EXERCISE OBJECTIVE: When you repeat the entries, reproduce each line exactly and omit every picture.

Short web captions:

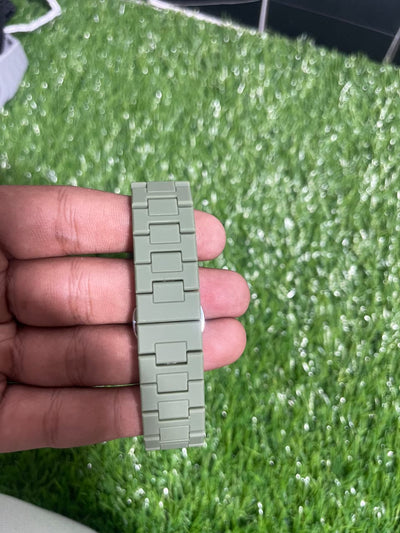 Olive Green fiber Aura with Master Butterfly lock Stealth Green Arabic Dial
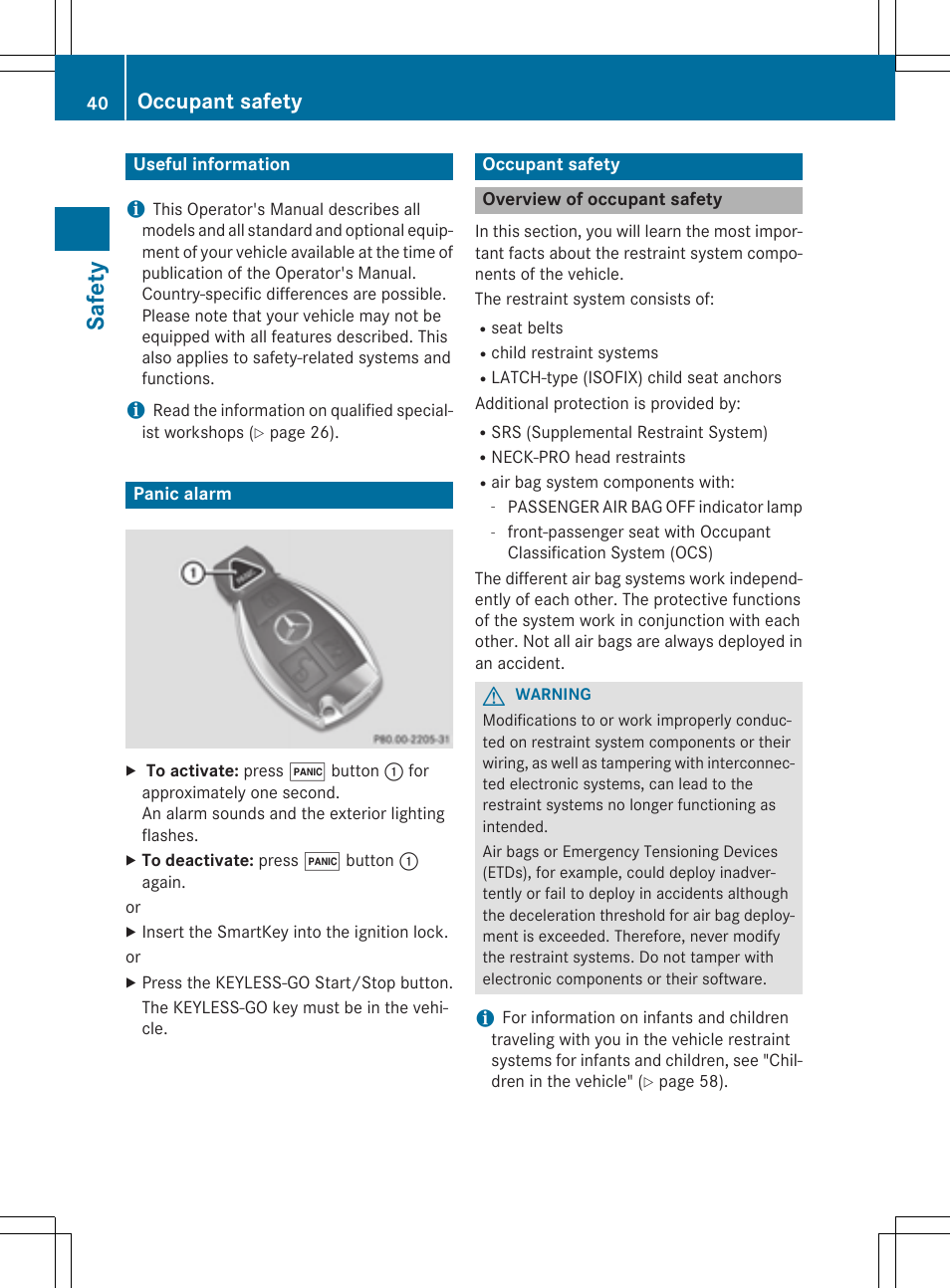 Safet y, Occupant safety | Mercedes-Benz C-Coupe 2015 Owners Manual User Manual | Page 42 / 354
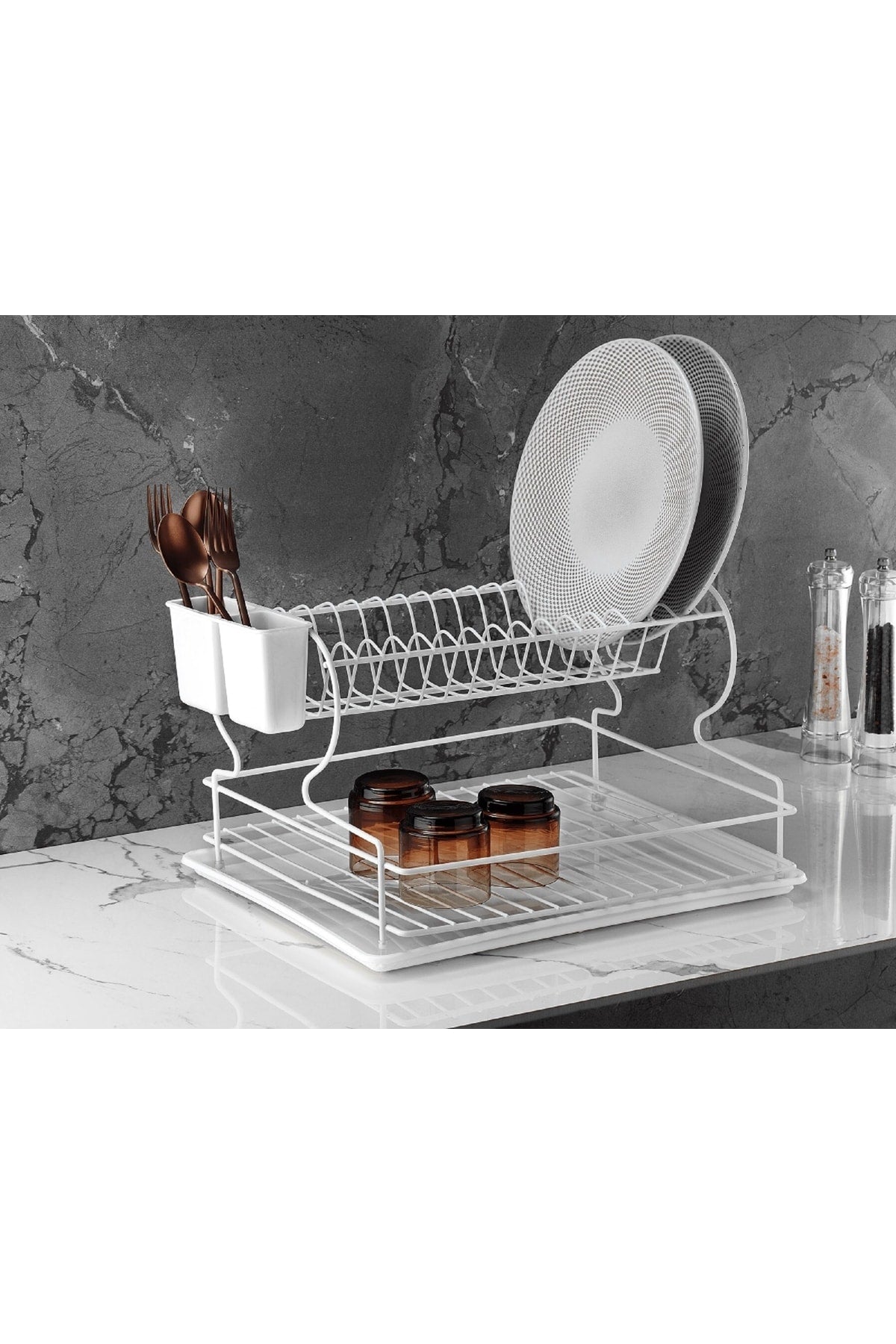 Lifetime Stainless Dish Rack Dish Basket Double Plate Rack Thermo Plastic Coating White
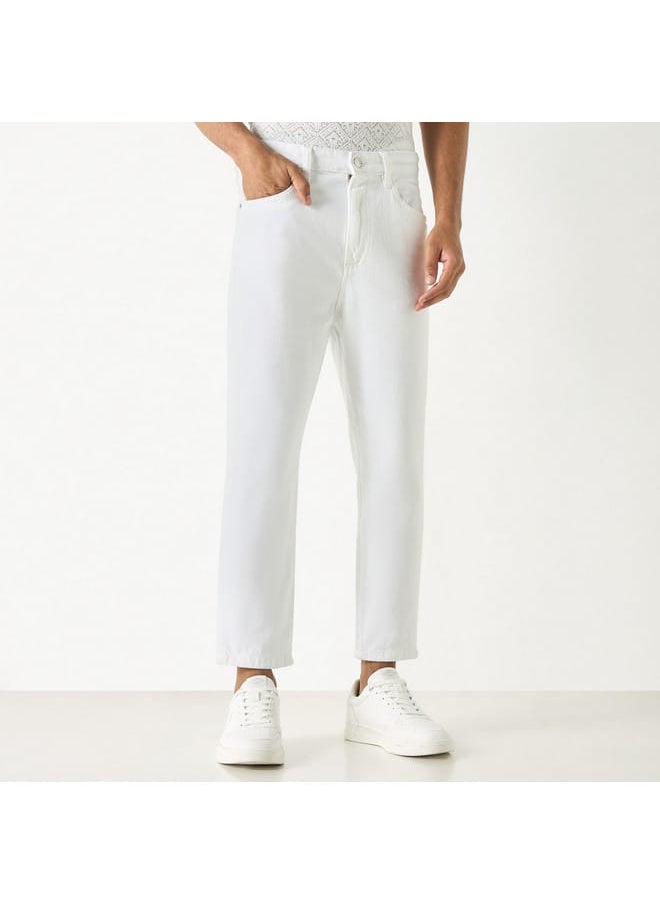 Lee Cooper Lee Cooper Solid Relaxed Fit Jeans with Button Closure  - Image 1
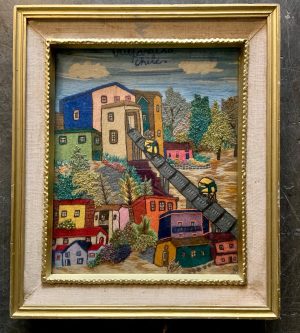 Framed Embroidered Cityscape of Valparaiso Chile
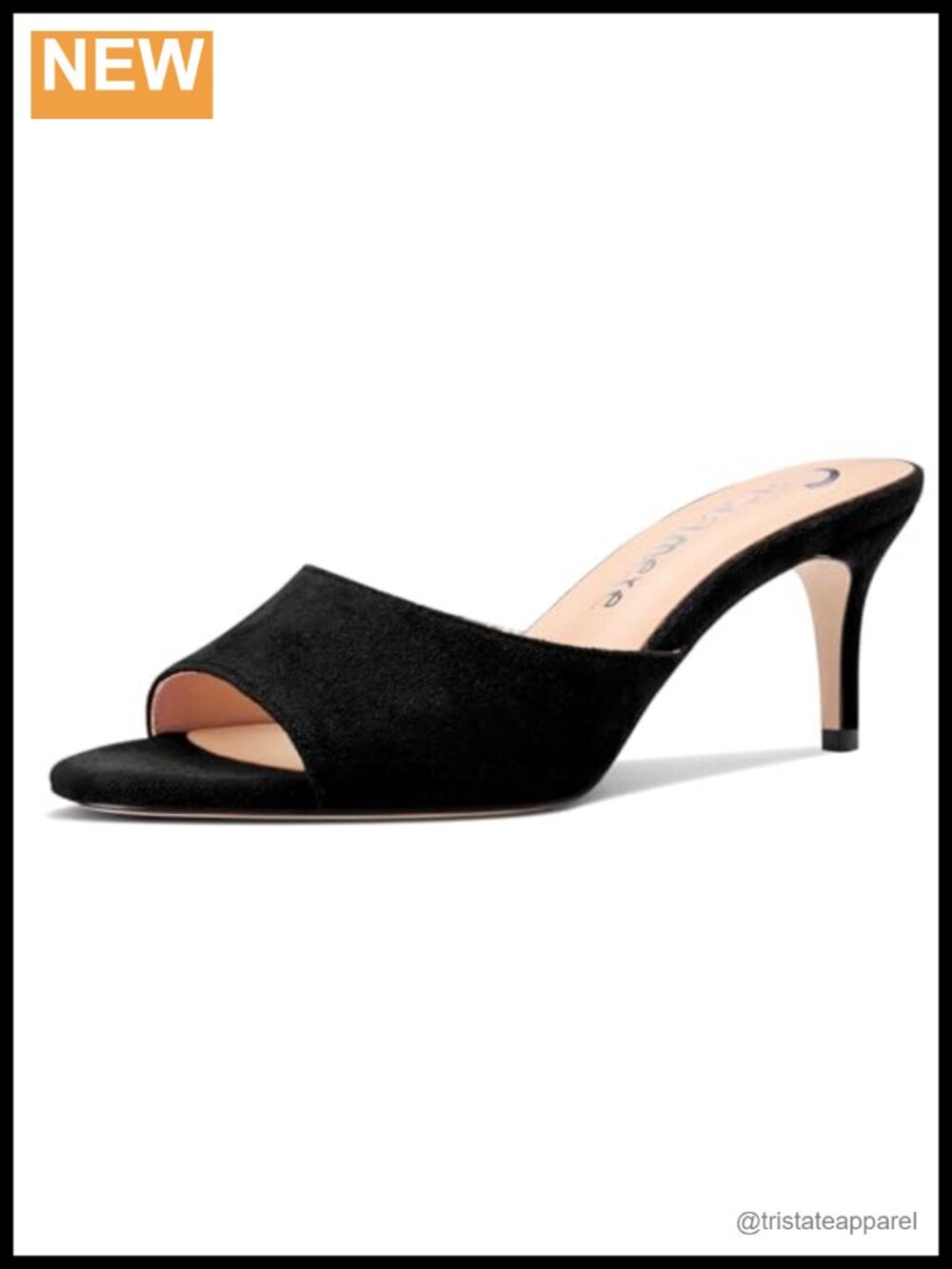 Women's Kitten Heel Sandals Round Toe Slip-On Dress Mules Office Casual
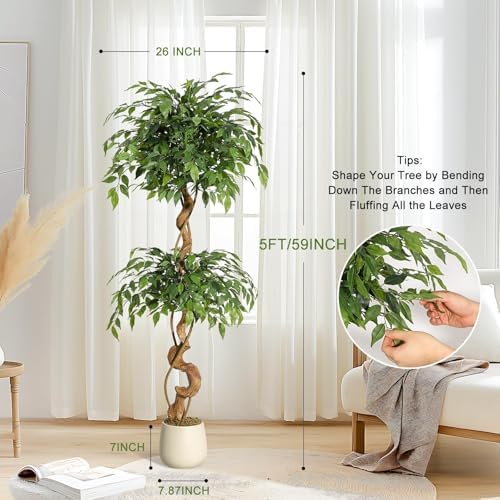Artificial Plants Indoor,5FT Tall Faux Olive Tree with Includes Black Tall Planter,Indoor Artificial Plant for Home Office Living Room Decor. - Image 2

SOLVED EXERCISE:
 Olive Green fiber Aura with Master Butterfly lock Stealth Green Arabic Dial
 Safet y, Occupant safety | Mercedes-Benz C-Coupe 2015 Owners Manual User Manual | Page 42 / 354
 Lifetime Stainless Dish Rack Dish Basket Double Plate Rack Thermo Plastic Coating White
 Lee Cooper Lee Cooper Solid Relaxed Fit Jeans with Button Closure  - Image 1
 Framed Embroidered Cityscape of Valparaiso Chile
 Women's Kitten Heel Sandals Round Toe Slip-On Dress Mules Office Casual
Artificial Plants Indoor,5FT Tall Faux Olive Tree with Includes Black Tall Planter,Indoor Artificial Plant for Home Office Living Room Decor. - Image 2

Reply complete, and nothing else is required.